# Your goal:
Exclude the pictures, then repeat exactly each line from the one containing "Tesla Model 3" to the final line of the records that follow.

Crawled caption data
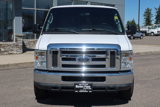 Used 2010 Ford E-350 and Econoline 350 XLT image 2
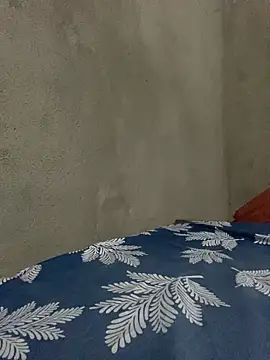 Lucky pusy online show from 12, 3, 2026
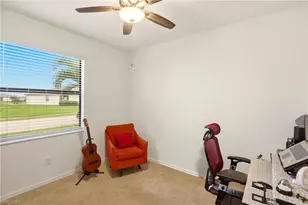 14216 Vindel Cir, Fort Myers, FL 33905 - Photo 13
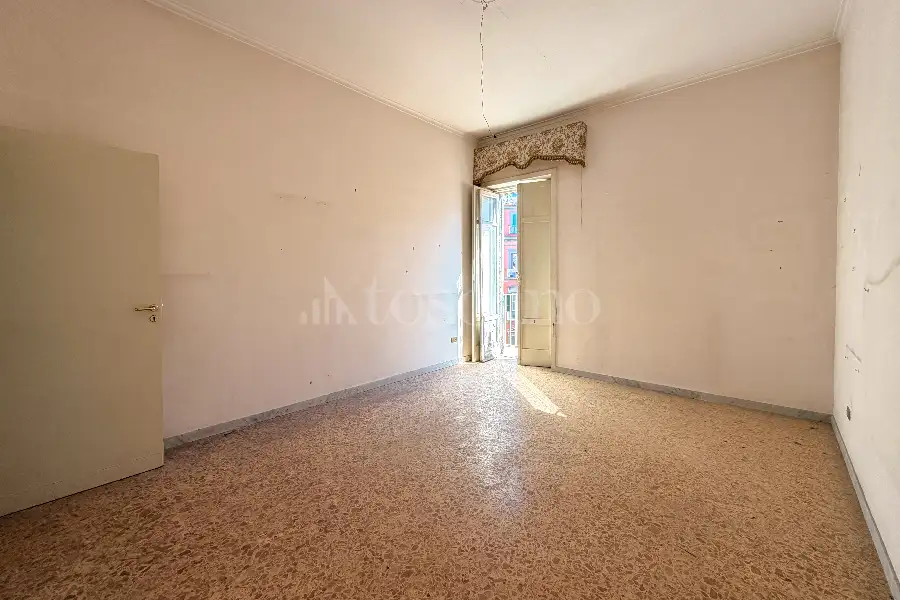 Casa in vendita di 260 mq a €870.000 (rif. 52/2026)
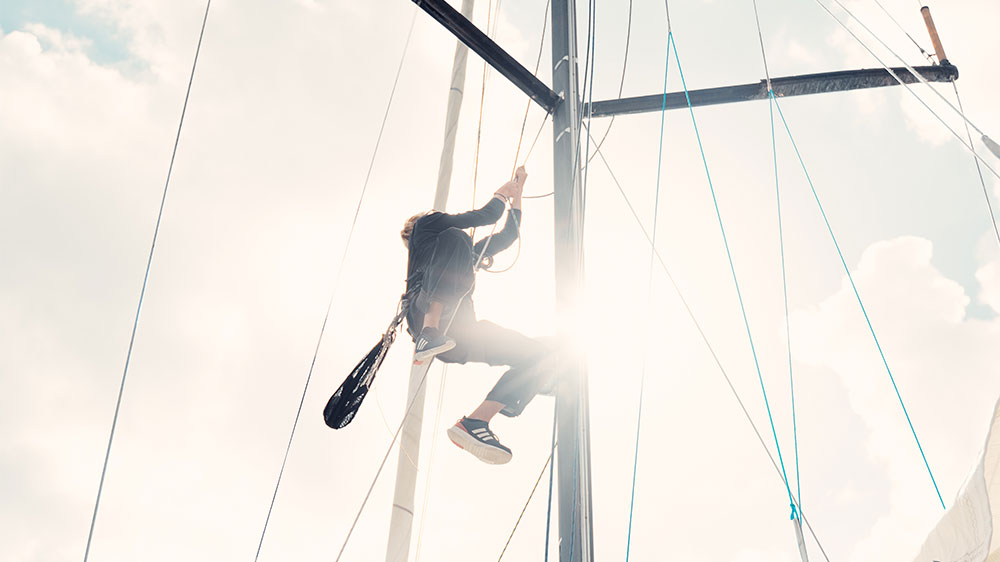 blauwasser_anbieter_real_sailing_yachtservice_4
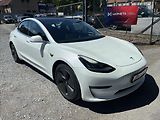 Tesla Model 3 LR AWD 366 kW  Záruka,TZ - náhled 8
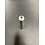 Thule Spare RT q/r hub adaptor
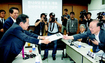 GNP chairman reaches out to pro-working class organizations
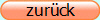 zur�ck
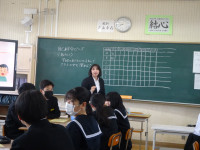 DSC00539
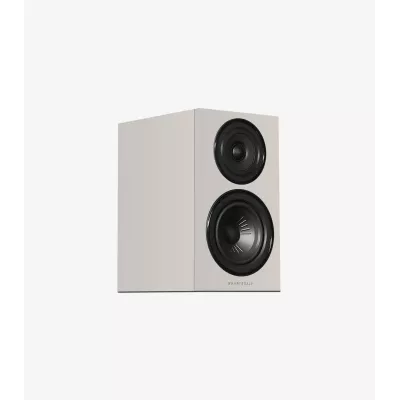 Wharfedale DIAMOND 12.1i in Geneva | Digistore.ch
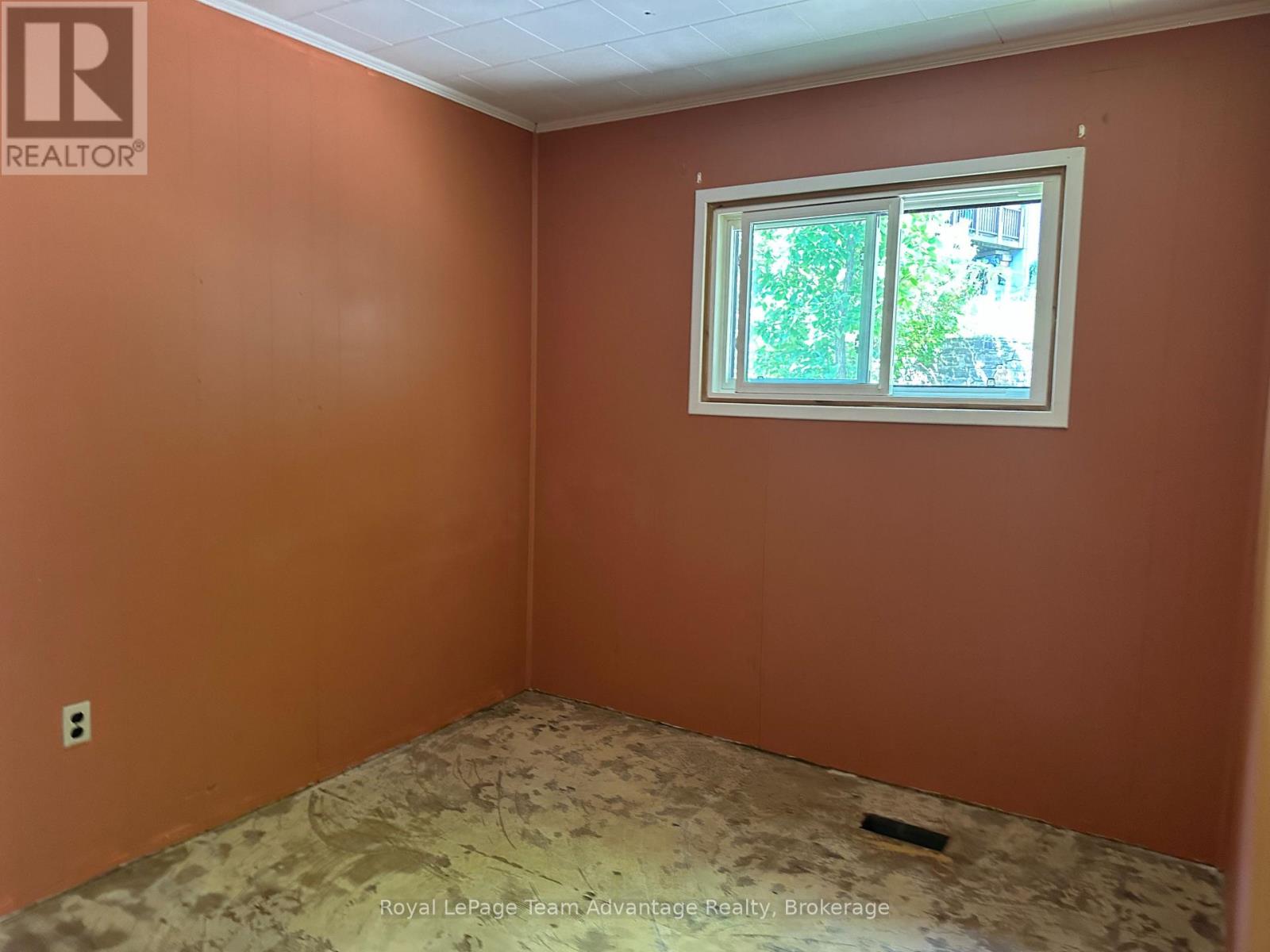 14 Riverdale Road, Parry Sound, Ontario  P2A 1N9 - Photo 12 - X13602176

# Your response:
 Tesla Model 3 LR AWD 366 kW  Záruka,TZ - náhled 8
 Thule Spare RT q/r hub adaptor
 GNP chairman reaches out to pro-working class organizations
 zur�ck
 DSC00539
 Wharfedale DIAMOND 12.1i in Geneva | Digistore.ch
 14 Riverdale Road, Parry Sound, Ontario  P2A 1N9 - Photo 12 - X13602176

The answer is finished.